5) Pour the mixture back into the pot and cook over medium heat until it comes to a boil and is nice and thick, stirring constantly.
6) Cook for 30 more seconds until it is very thick and then remove it from the heat.
7) If there are any lumps, strain through a fine mesh strainer.
8) Mix in the whiskey.
9) Let it cool for about 15 minutes.
10) Pour the cream into the tart shell and spread evenly.
11) Cover with plastic wrap and let cool completely, about 1 hour.
Apple topping Directions:
1) Peel, core and cut the apples into slices about ½ inch thick.
2) In a large pot, put sugar and just enough water to wet all the sugar.

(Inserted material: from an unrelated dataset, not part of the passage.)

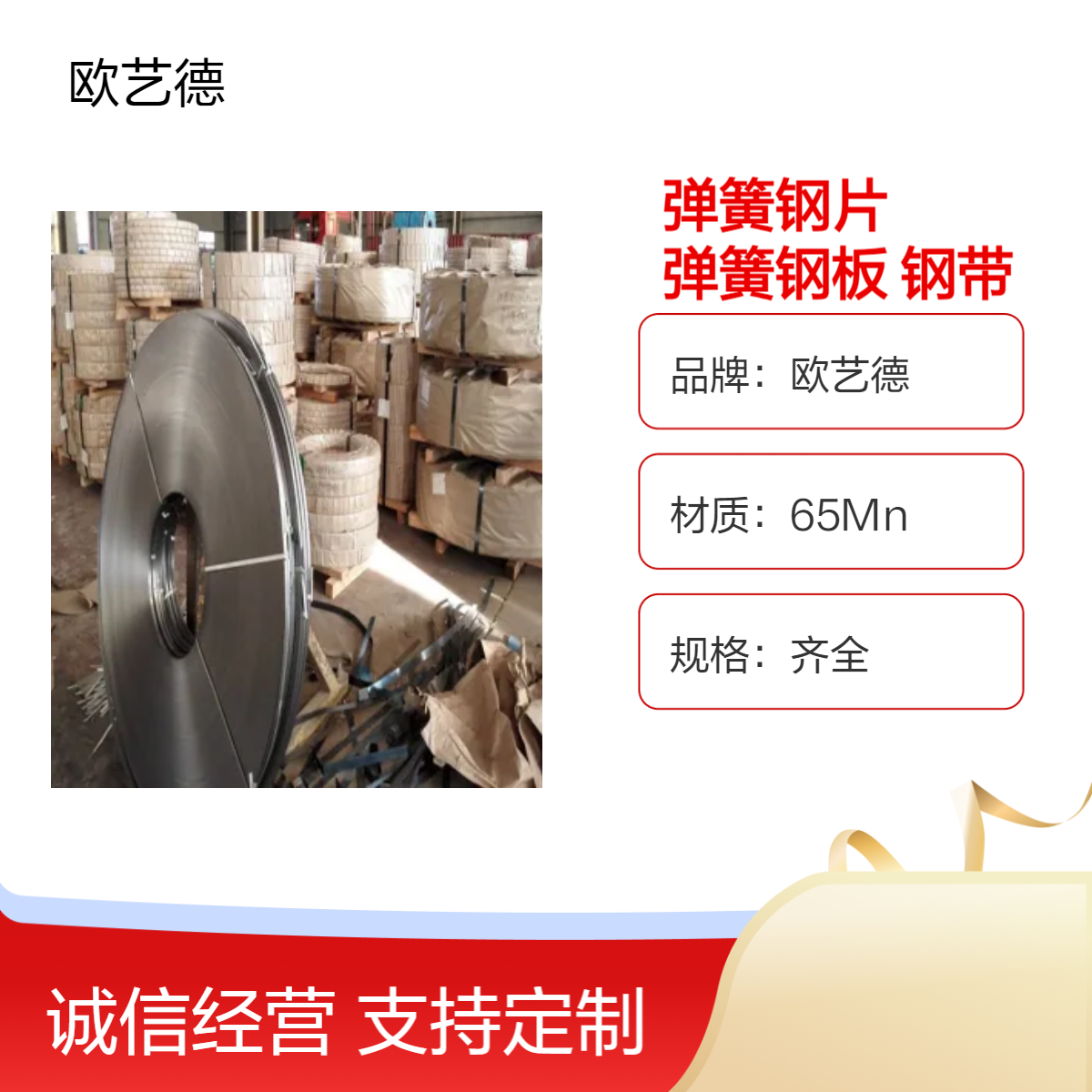 WˇƬ䓰65Mnߏ䓎ȫ֧и֗l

3) Bring to a boil and cook until it is caramel colored, but be careful not to overcook.
4) Add in the apples, cinnamon, and nutmeg and mix well. The caramel may clump up, but as the apples cook the caramel should dissolve.
5) Cook the apples for about 5 minutes until cooked through but still firm. Keep an eye on them as cooking time will vary depending on the thickness of the apple slices and the ripeness.
6) Strain the apples, and return the liquid to the pot.
7) Mix cornstarch and 2 tsp cold water in a separate cup.
8) Add cornstarch to the caramel liquid, and bring to a boil. Cook until it becomes the consistency of molasses.
9) Let apples and caramel cool.
10) Top the cream with the apples, arranging in a circle pattern for a pretty tart.
11) Pour the caramel sauce over the tart.
12) Place in the fridge and let cool for 2 or more hours.
13) Serve and enjoy!















It looks tasty, but I’m not a fan of cooked apples. But I bet if fresh, uncooked apples were dipped in the cream sauce and then sprinkled with the topping, that’d work great.